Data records

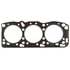 5765 by VICTOR - CYLINDER HEAD GASKET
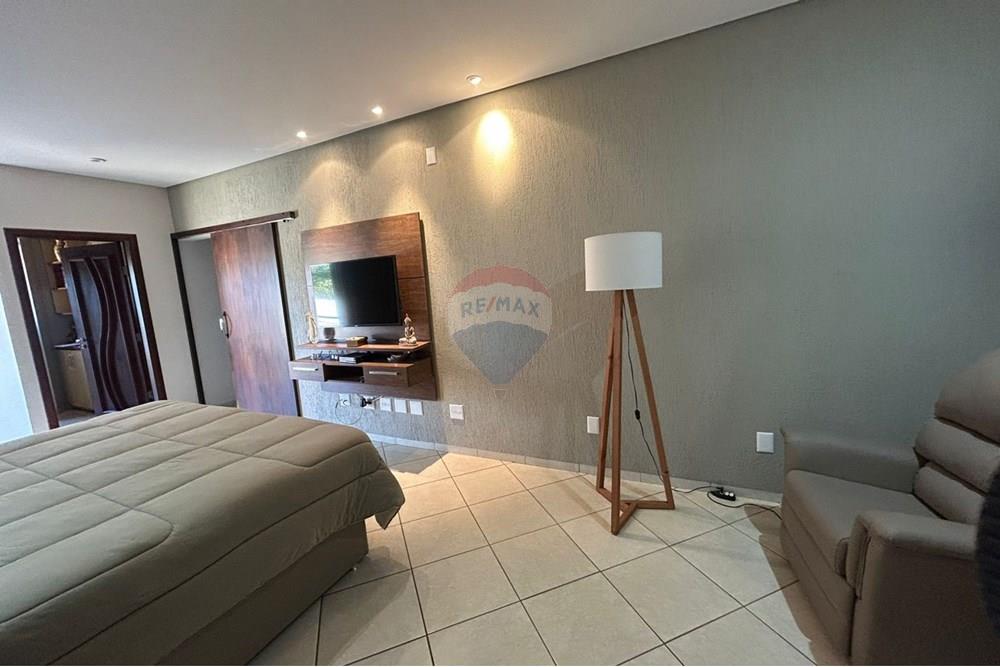 Casa - Venda - São José do Rio Preto , São Paulo - Imagem do WhatsApp de 2025-07-07 à(s) 09.23.13_889a3bd4.jpg - 631381002-184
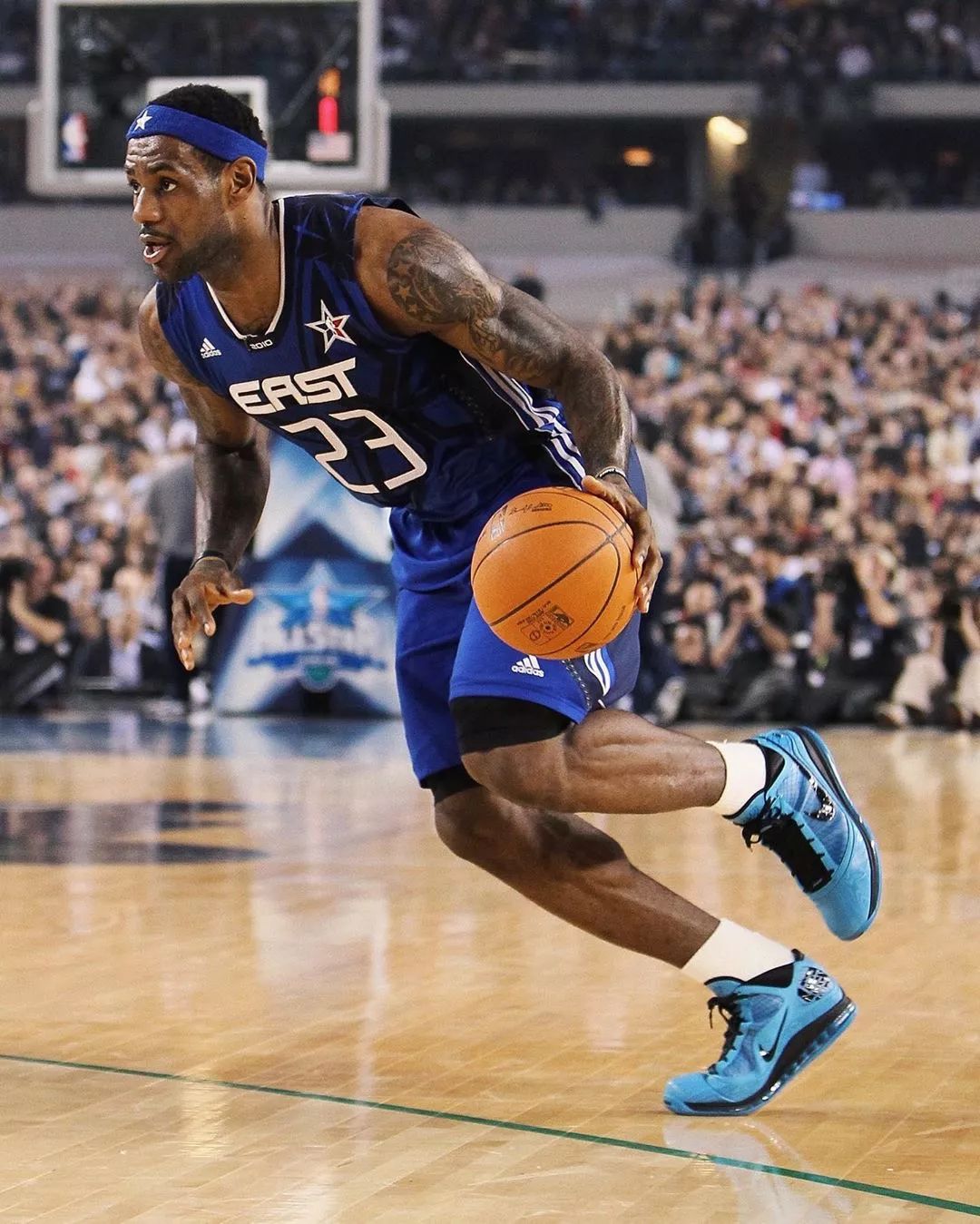 的极致样本 的极致样本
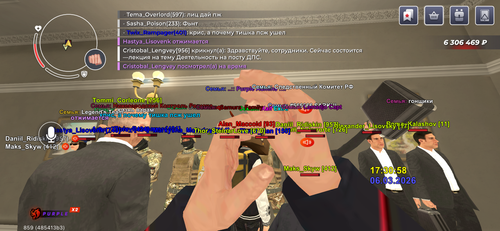 IMG 1156.png
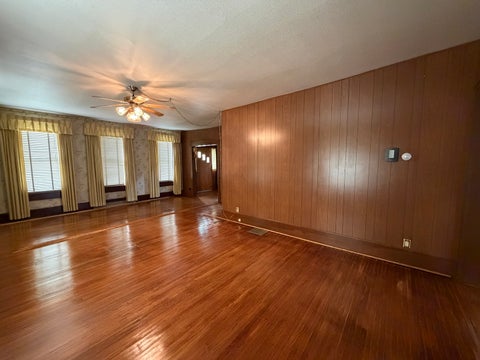 Tiny photo for 203 E Market Street, Farmer City, IL 61842 (MLS # 12753803)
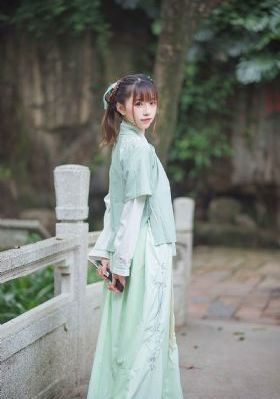 男女激情动图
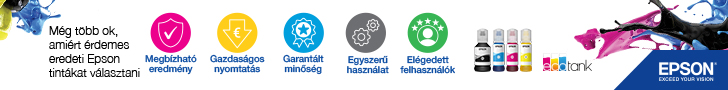 Epsonalso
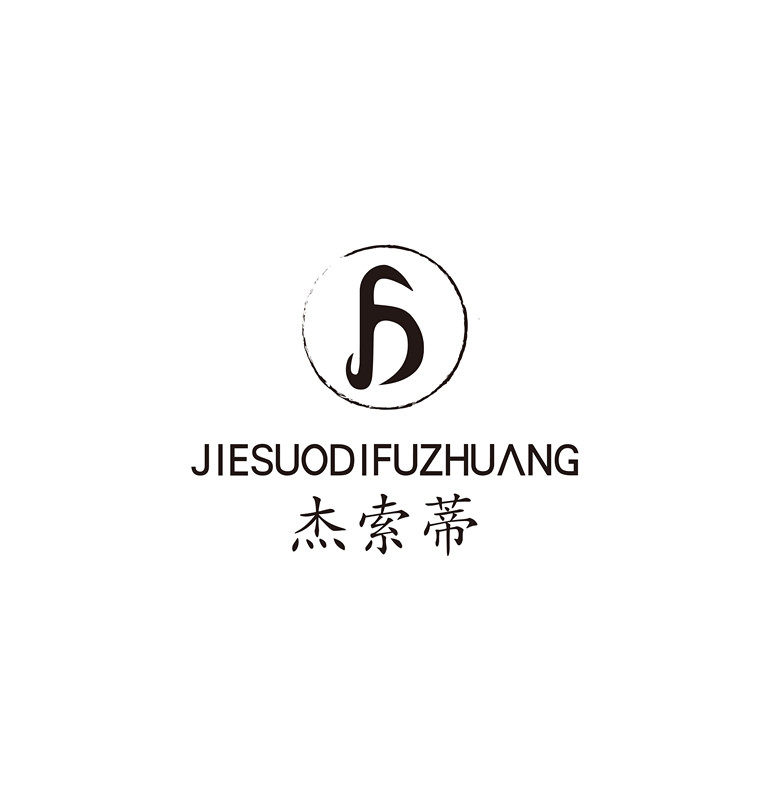 杰索蒂旗舰店
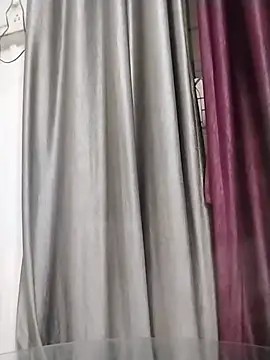 Jann_Riya333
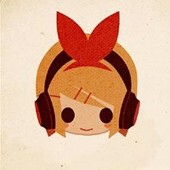言靈君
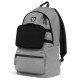 Рюкзак міський OGIO Alpha Core Convoy 120/charcoal (5919012OG)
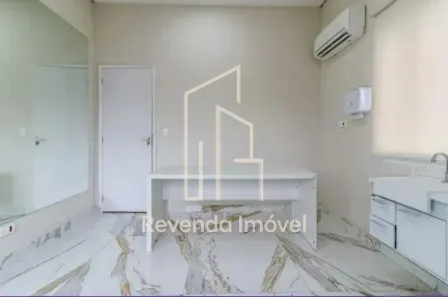Prédio Comercial à venda, 220m² no Cidade Ademar, São Paulo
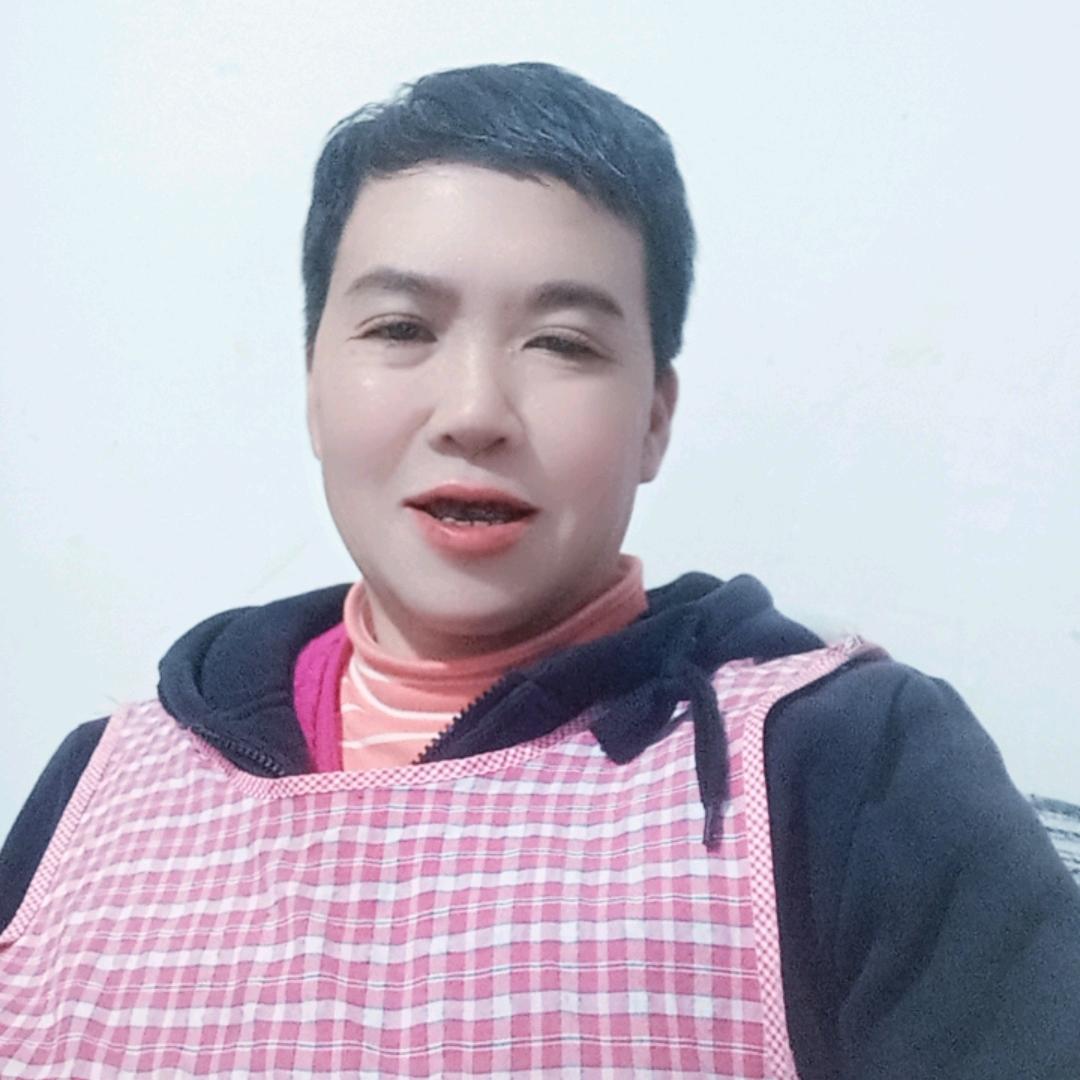 刘幺妹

About this exercise. Could you output all of the records exactly, without their pictures?

Answer to this problem.
 5765 by VICTOR - CYLINDER HEAD GASKET
 Casa - Venda - São José do Rio Preto , São Paulo - Imagem do WhatsApp de 2025-07-07 à(s) 09.23.13_889a3bd4.jpg - 631381002-184
 的极致样本 的极致样本
 IMG 1156.png
 Tiny photo for 203 E Market Street, Farmer City, IL 61842 (MLS # 12753803)
 男女激情动图
 Epsonalso
 杰索蒂旗舰店
 Jann_Riya333
言靈君
 Рюкзак міський OGIO Alpha Core Convoy 120/charcoal (5919012OG)
Prédio Comercial à venda, 220m² no Cidade Ademar, São Paulo
 刘幺妹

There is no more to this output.